> Brief:
If a line in the data holds the string "from", list it.

> Dataset content:
──────────

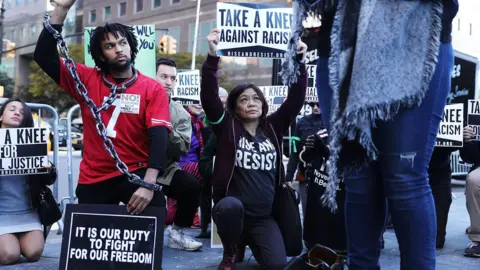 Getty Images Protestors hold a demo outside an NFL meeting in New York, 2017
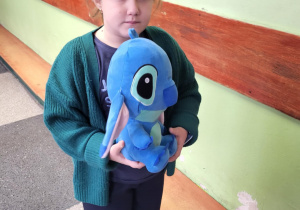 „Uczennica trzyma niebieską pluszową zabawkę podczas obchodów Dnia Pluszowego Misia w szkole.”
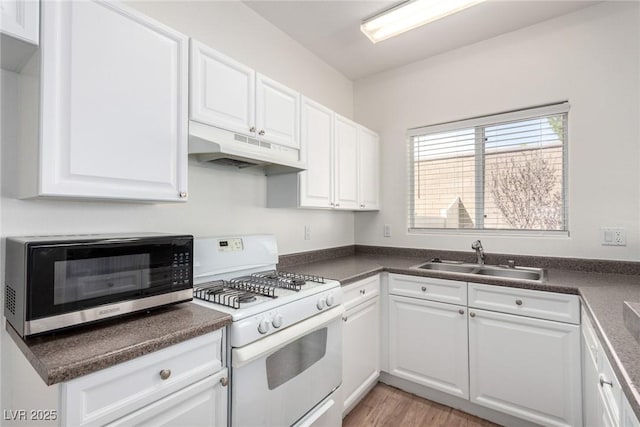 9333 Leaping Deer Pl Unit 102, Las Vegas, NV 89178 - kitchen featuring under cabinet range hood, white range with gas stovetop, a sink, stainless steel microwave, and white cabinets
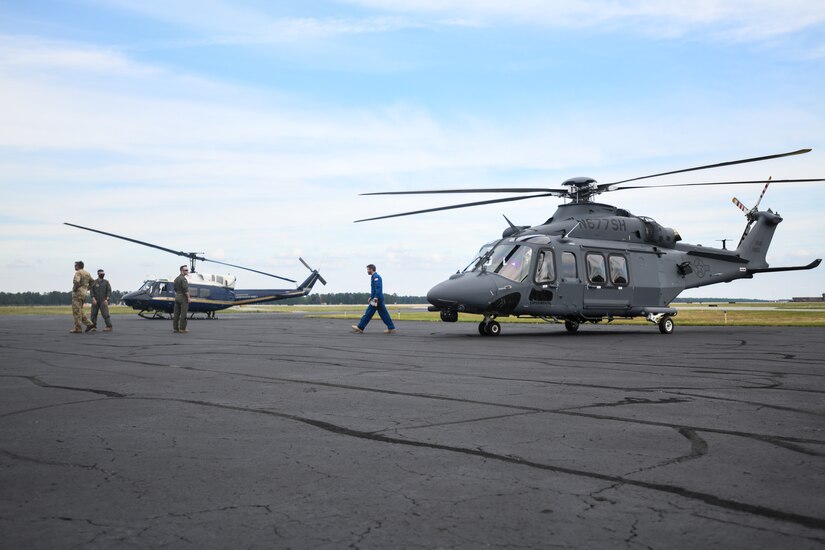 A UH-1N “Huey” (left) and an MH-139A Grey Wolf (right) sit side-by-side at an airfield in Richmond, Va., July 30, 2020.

──────────

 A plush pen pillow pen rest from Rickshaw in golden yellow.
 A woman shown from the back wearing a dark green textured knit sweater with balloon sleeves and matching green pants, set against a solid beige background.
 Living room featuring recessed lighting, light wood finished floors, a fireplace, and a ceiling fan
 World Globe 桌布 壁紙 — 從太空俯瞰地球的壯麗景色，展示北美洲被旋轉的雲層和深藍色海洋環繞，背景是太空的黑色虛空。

──────────

> Written solution:
 A plush pen pillow pen rest from Rickshaw in golden yellow.
 A woman shown from the back wearing a dark green textured knit sweater with balloon sleeves and matching green pants, set against a solid beige background.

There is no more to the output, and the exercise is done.